Por outro lado, cabe reconhecer que, ao menos no curto prazo, quando a inflação se encontra além da meta, o esforço de redução requer, durante algum tempo, que a economia opere abaixo do seu potencial, de modo a reduzir as pressões que surgem, em geral, no mercado de trabalho.
Por mais cruel que isso possa soar, o desemprego deve subir além do nível compatível com a inflação estável para moderar as demandas salariais (ou, de forma equivalente, a capacidade ociosa das empresas deve subir para reduzir seu poder de elevação de preços). Há, portanto, algum custo para desinflacionar a economia.
Por conta disso, BCs podem, dependendo da magnitude do desvio da inflação, escolher uma trajetória de convergência mais suave (por exemplo, como o BC fez em 2004/5), para evitar um custo que poderia ser considerado excessivo.
No entanto, convergência, mesmo mais suave, significa retorno à trajetória de metas e não a aceitação da inflação persistentemente acima dela. No primeiro caso, se o período de retorno não for demasiadamente longo, as expectativas se mantêm ancoradas e a desinflação ocorre com menor custo.
No segundo, que é um caso extremo de convergência muito lenta à meta, as expectativas tipicamente se descolarão desta, o que implica custos maiores para reduzir a inflação.

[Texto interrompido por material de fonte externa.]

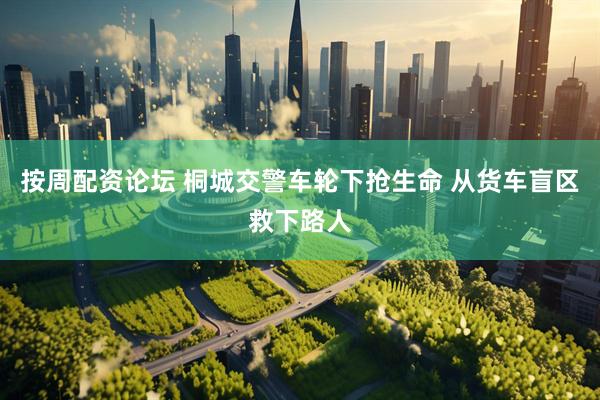 按周配资论坛 桐城交警车轮下抢生命 从货车盲区救下路人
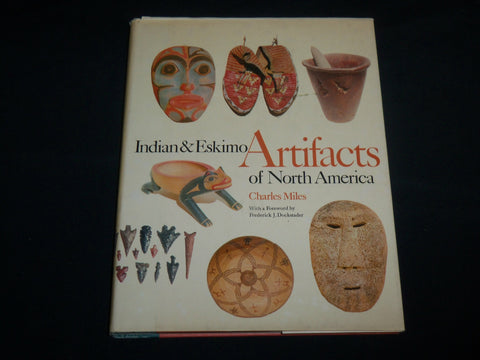 1963 INDIAN AND ESKIMO ARTIFACTS OF NORTH AMERICA HARDCOVER BOOK - MILES- R 706I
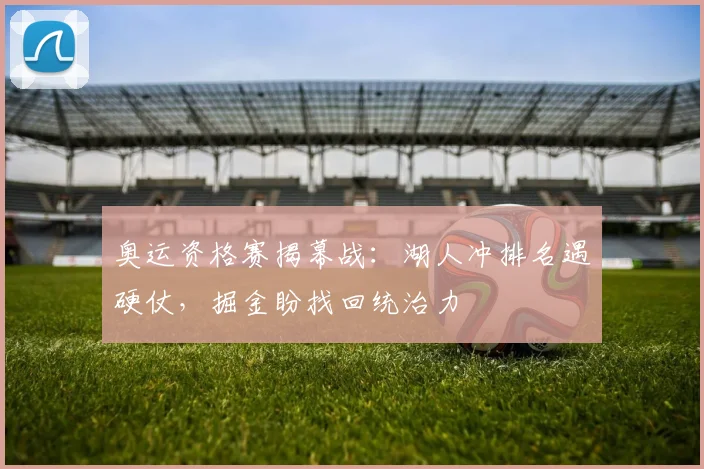奥运资格赛揭幕战：湖人冲排名遇硬仗，掘金盼找回统治力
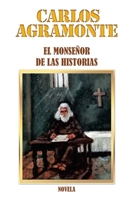 El monseñor de las historias: Novela 1506536182 Book Cover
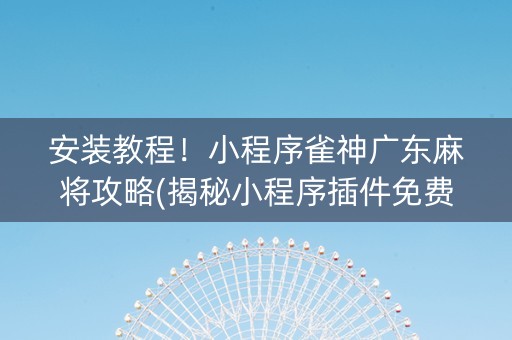 安装教程！小程序雀神广东麻将攻略(揭秘小程序插件免费)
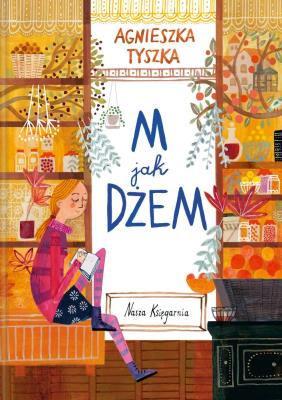 M jak dżeM. Autor: Agnieszka Tyszka. SmakLiter.pl Okładka książki M jak dżeM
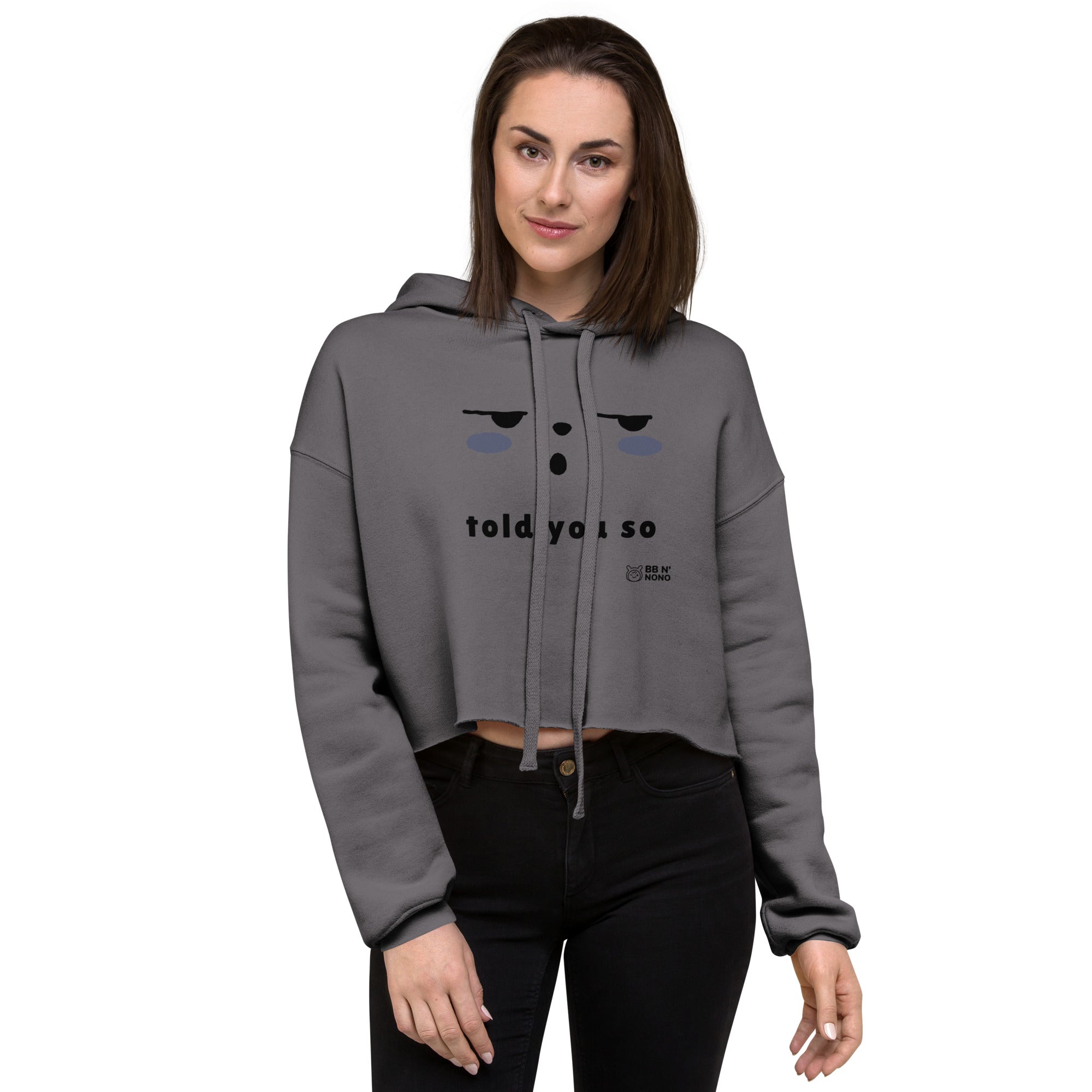 Told you so - Crop Hoodie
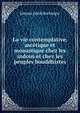 La vie contemplative, ascetique et monastique chez les indous et chez les peuples bouddhistes, Johann Jakob Bochinger 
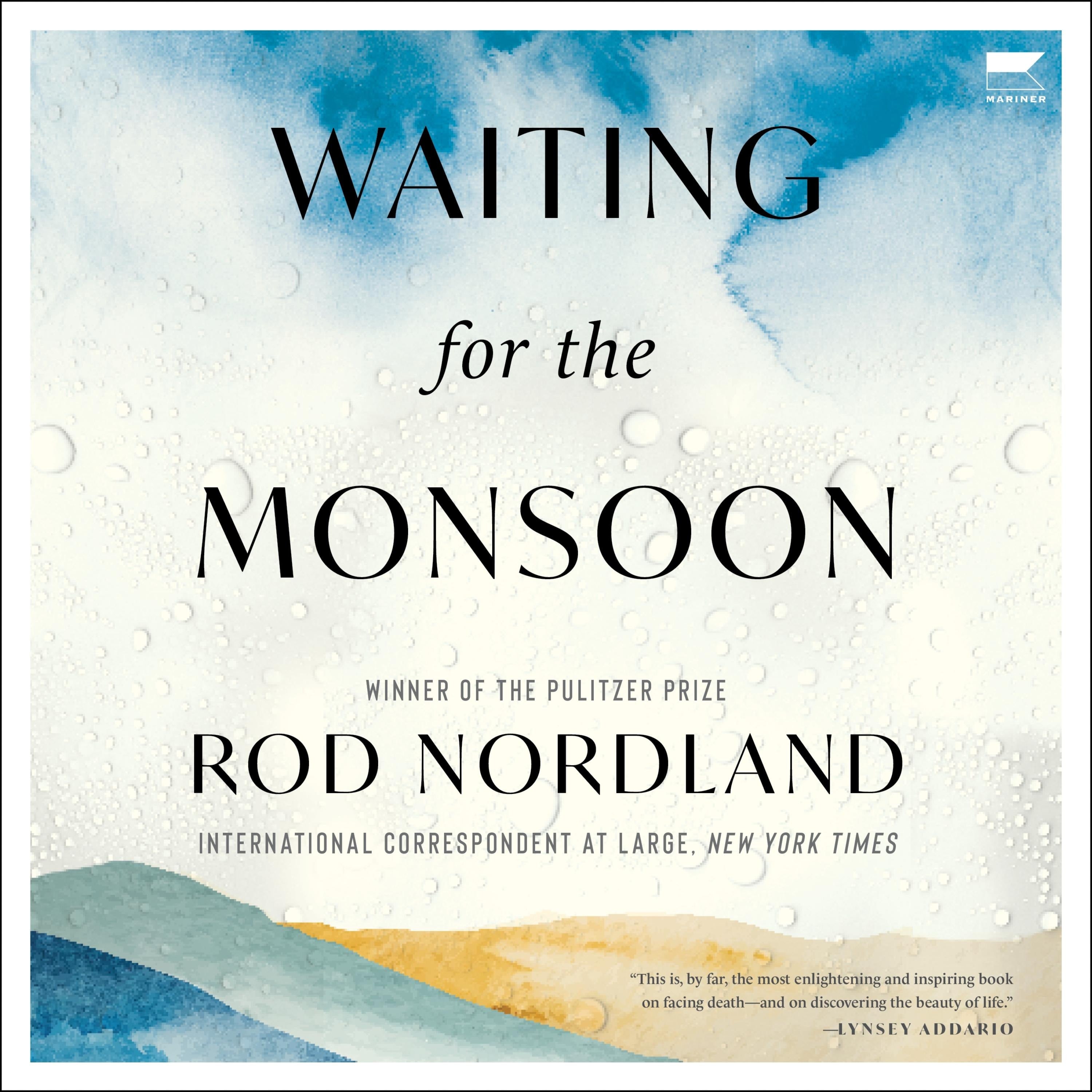Waiting for the Monsoon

Entretanto, quando os custos de desinflação se elevam, BCs menos determinados acabam por abandonar seus esforços de convergência. Com isso, se tornam prisioneiros de um equilíbrio perverso: não reduzem a inflação porque o custo é alto e os agentes, sabendo disso, mantêm as expectativas acima da meta, elevando o custo de convergência. O que parecia ser um problema de curto prazo torna-se de longo prazo.
Voltamos assim à discussão inicial: temos apenas inflação mais alta, sem benefícios no que tange a crescimento.
Respondendo, pois, à pergunta que me foi feita, o custo da inflação acima da meta não se limita ao curto prazo, mas se estende ao risco, sempre presente, de terminarmos amarrados ao equilíbrio perverso, possibilidade que cortejamos com ardor crescente.